Source: http://fourthamendment.com/?p=34138
Timestamp: 2019-04-23 12:09:24+00:00

Document:
Williams also argues that the retroactive application of Carpenter under Griffith and the application of the good faith doctrine are mutually exclusive legal doctrines. Carpenter, while recognizing that obtaining CSLI without a warrant is a Fourth Amendment violation, does not discuss how lower courts should retroactively apply the exclusionary rule. Instead, discretion is left to the lower courts to work through an exclusionary rule analysis. This is evident in United States v. Chavez, 894 F.3d 593 (4th Cir. 2018). In Chavez the Court recognized that Griffith gave Carpenter retroactive application and, consequently, found the Government committed a Fourth Amendment violation when it obtained the CSLI without a warrant. Id. at 608. However, the Chavez Court correctly continued through an exclusionary rule analysis, finding that the exclusionary rule would not apply because of the good faith exception. Id. Chavez recognized that a Fourth Amendment violation occurred — as Griffith demands — but did not find that the exclusionary rule automatically applied as Williams contends. The Court finds the Fourth Circuit reasoning compelling and dismisses Williams’ argument.

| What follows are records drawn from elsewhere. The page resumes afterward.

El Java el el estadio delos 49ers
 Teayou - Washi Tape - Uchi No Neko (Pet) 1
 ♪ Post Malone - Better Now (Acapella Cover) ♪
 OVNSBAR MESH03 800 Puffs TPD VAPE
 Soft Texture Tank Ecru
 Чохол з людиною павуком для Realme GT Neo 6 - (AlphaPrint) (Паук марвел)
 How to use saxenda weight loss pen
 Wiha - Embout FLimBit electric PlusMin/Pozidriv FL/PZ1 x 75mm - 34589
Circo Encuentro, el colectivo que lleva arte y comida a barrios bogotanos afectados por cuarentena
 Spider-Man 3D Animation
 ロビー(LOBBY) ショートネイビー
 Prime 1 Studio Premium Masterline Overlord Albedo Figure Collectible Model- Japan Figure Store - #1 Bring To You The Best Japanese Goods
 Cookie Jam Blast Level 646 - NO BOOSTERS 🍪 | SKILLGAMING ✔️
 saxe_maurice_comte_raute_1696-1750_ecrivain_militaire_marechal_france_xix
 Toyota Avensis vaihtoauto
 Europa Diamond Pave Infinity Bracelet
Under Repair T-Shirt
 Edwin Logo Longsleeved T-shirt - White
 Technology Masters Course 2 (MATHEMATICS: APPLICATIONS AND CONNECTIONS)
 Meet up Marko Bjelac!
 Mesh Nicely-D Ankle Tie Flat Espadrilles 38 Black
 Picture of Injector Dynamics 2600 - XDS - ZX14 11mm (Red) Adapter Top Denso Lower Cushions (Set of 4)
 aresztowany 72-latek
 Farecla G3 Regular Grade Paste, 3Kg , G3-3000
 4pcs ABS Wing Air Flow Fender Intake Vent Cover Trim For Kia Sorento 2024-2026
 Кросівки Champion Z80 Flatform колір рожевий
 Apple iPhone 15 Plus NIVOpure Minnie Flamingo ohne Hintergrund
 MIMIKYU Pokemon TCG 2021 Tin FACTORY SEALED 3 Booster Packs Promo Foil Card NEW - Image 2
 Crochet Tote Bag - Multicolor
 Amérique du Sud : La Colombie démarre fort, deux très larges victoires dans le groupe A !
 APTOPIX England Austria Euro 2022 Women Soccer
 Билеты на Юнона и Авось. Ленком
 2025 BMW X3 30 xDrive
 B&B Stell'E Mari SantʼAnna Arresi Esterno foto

The Government argues that law enforcement relied in good faith on the existing legal authority of § 2703(d) to obtain the CSLI. Carpenter invalidated § 2703(d) almost a year later. The Government contends reliance on a then current statute to obtain evidence falls into the “good faith” exception announced in Krull. To reinforce its argument, the Government cites numerous cases from multiple circuits where courts found CSLI obtained by § 2703(d) falls into the good faith exception. Pembrook, 876 F.3d at 823; United States v. Simmons, 2:16cr130, 2017 WL 6388956 (E.D. Va., December 14, 2017); United States v. Brown, 2:17-cr-00047, 2017 WL 3428300 (C.D. Cal., August 7, 2017); United States v. Gray, No. CR-15-08076, 2017 WL 3675383, *6 (D. Arizona, August 25, 2017); Chavez, 894 F.3d at 608.
The Court agrees with the Government: the Government acted with good faith and, consequently, no deterrent effect would arise out of the Court’s use of the exclusionary rule. Krull notes that the use of the exclusionary rule when investigators rely on a statute later overturned would have no deterrent effect on police. The Court stated, “penalizing the officer for the [legislature’s] error… cannot logically contribute to … deterrence.” Krull, 480 U.S. at 1167. Without any deterrent effect, the Court will not apply the exclusionary rule.